Balai Embrio Ternak (2011) melaporkan nutrisi yang baik saat pedet akan memberikan nilai positif saat lepas sapih, dara dan siap jadi bibit yang prima, sehingga produktivitas yang optimal dapat dicapai. Pedet yang lahir dalam kondisi sehat serta induk sehat disatukan dalam kandang bersama dengan induk dengan diberi sekat agar pergerakan pedet terbatas. Praktik ini bertujuan agar pedet mendapat susu secara ad libitum, sehingga nutrisinya terpenuhi. Selain itu pedet dapat mulai mengenal pakan yang dikonsumsi induk yang kelak akan menjadi pakan hariannya pedet tersebut setelah lepas sapih atau juga melatih pedet agar perlahan-lahan bisa makan pakan pedet.

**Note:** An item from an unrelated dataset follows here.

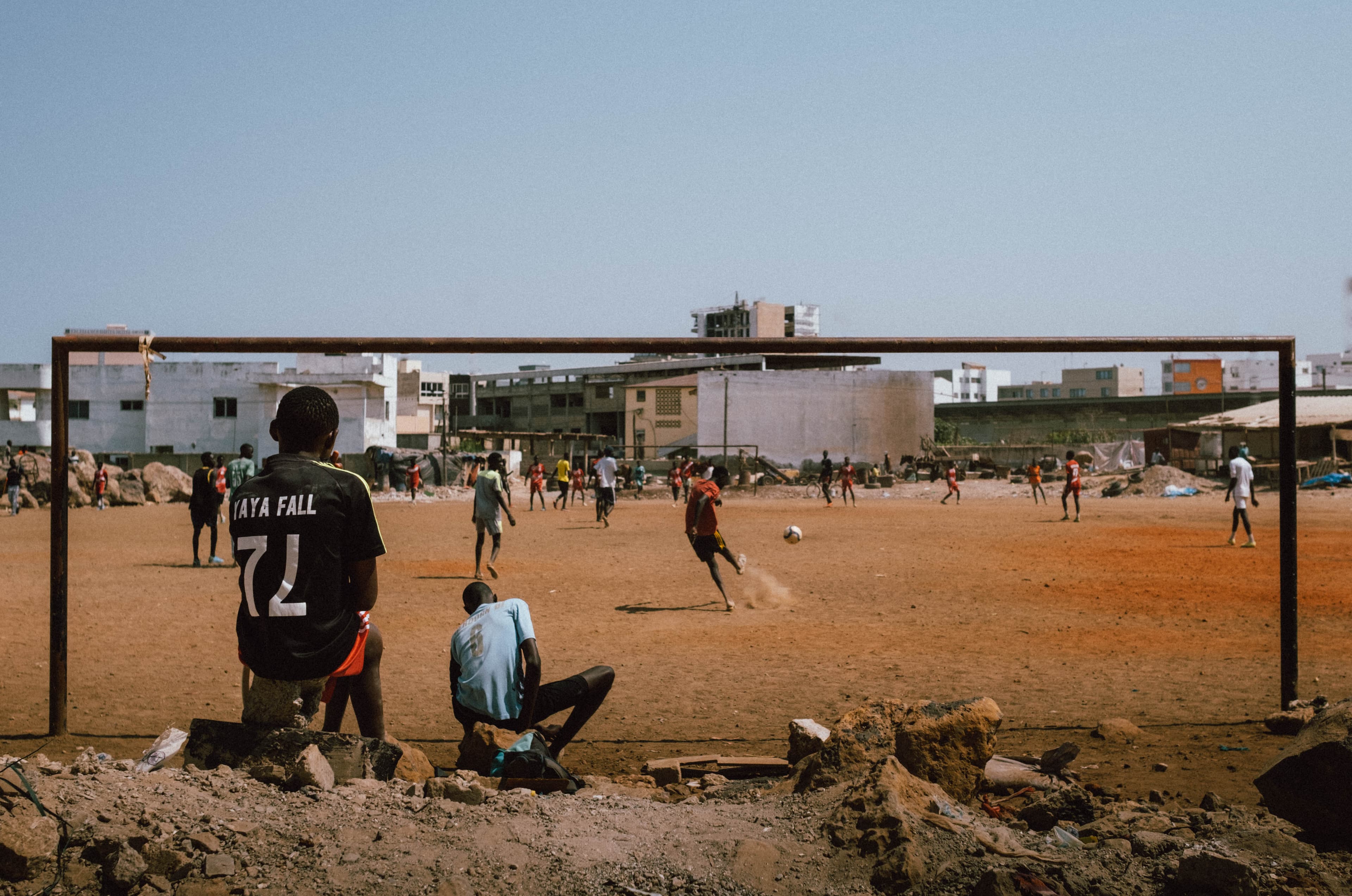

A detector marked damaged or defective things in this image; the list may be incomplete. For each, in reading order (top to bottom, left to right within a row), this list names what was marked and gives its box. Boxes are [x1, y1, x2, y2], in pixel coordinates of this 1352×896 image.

rusty metal goalpost [42, 335, 1301, 732] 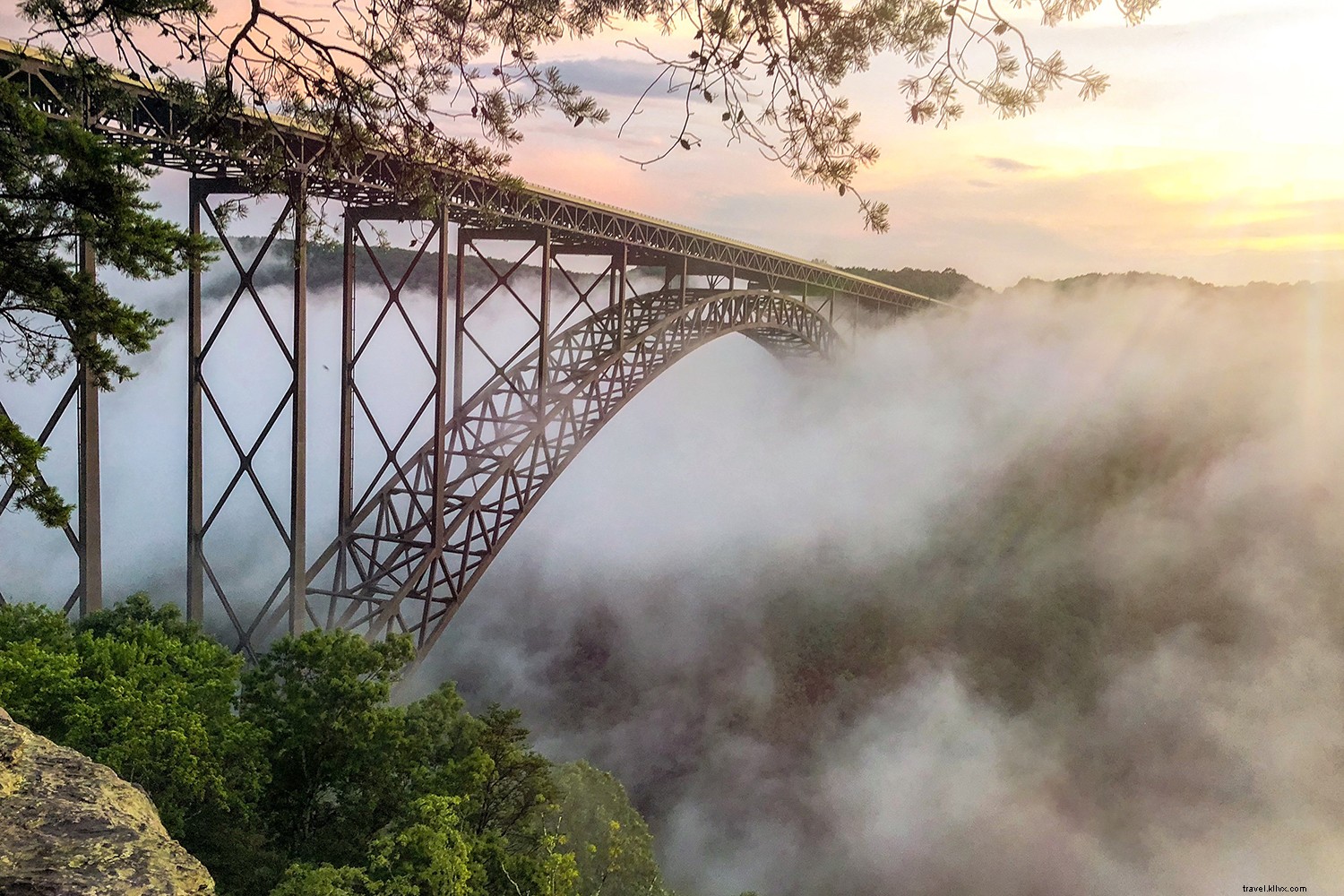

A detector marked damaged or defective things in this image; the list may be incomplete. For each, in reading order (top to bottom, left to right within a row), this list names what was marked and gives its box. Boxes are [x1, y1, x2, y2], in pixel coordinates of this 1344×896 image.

rusted steel structure [0, 39, 946, 658] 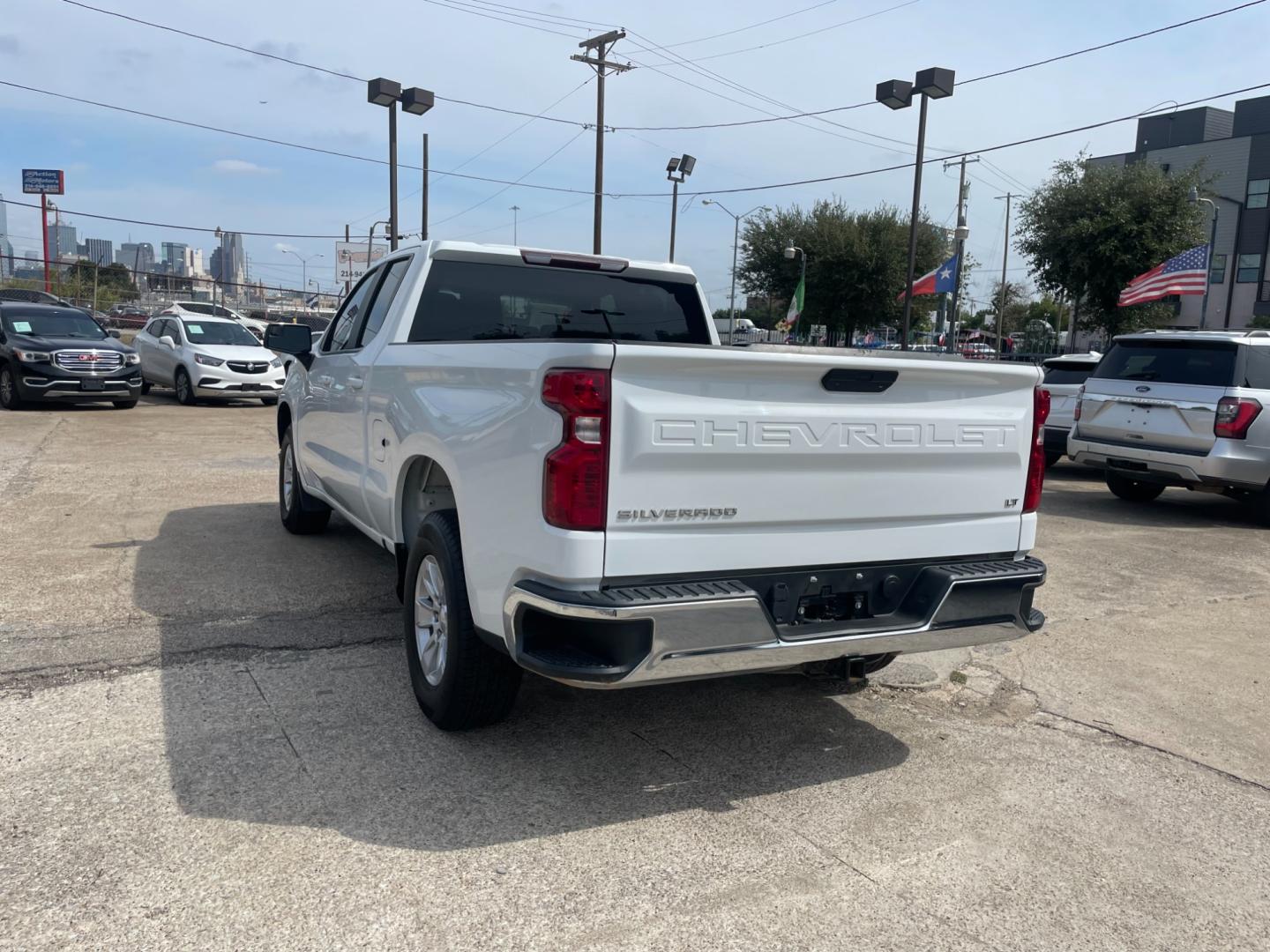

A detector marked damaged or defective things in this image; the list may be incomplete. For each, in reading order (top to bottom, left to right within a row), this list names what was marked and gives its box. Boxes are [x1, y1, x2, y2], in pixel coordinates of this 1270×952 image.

Perlakuan ini haruslah dalam pengawasan yang baik sehingga dapat mengurangi kecelakaan baik pada pedet atau induk.

Pedet yang sakit, pedet dipisah dari induk dan dalam perawatan sampai sembuh sehingga pedet siap kembali disatukan dengan induk atau induk lain yang masih menyusui. Selama pedet dalam perawatan susu diberikan oleh petugas sesuai dengan umur dan berat badan.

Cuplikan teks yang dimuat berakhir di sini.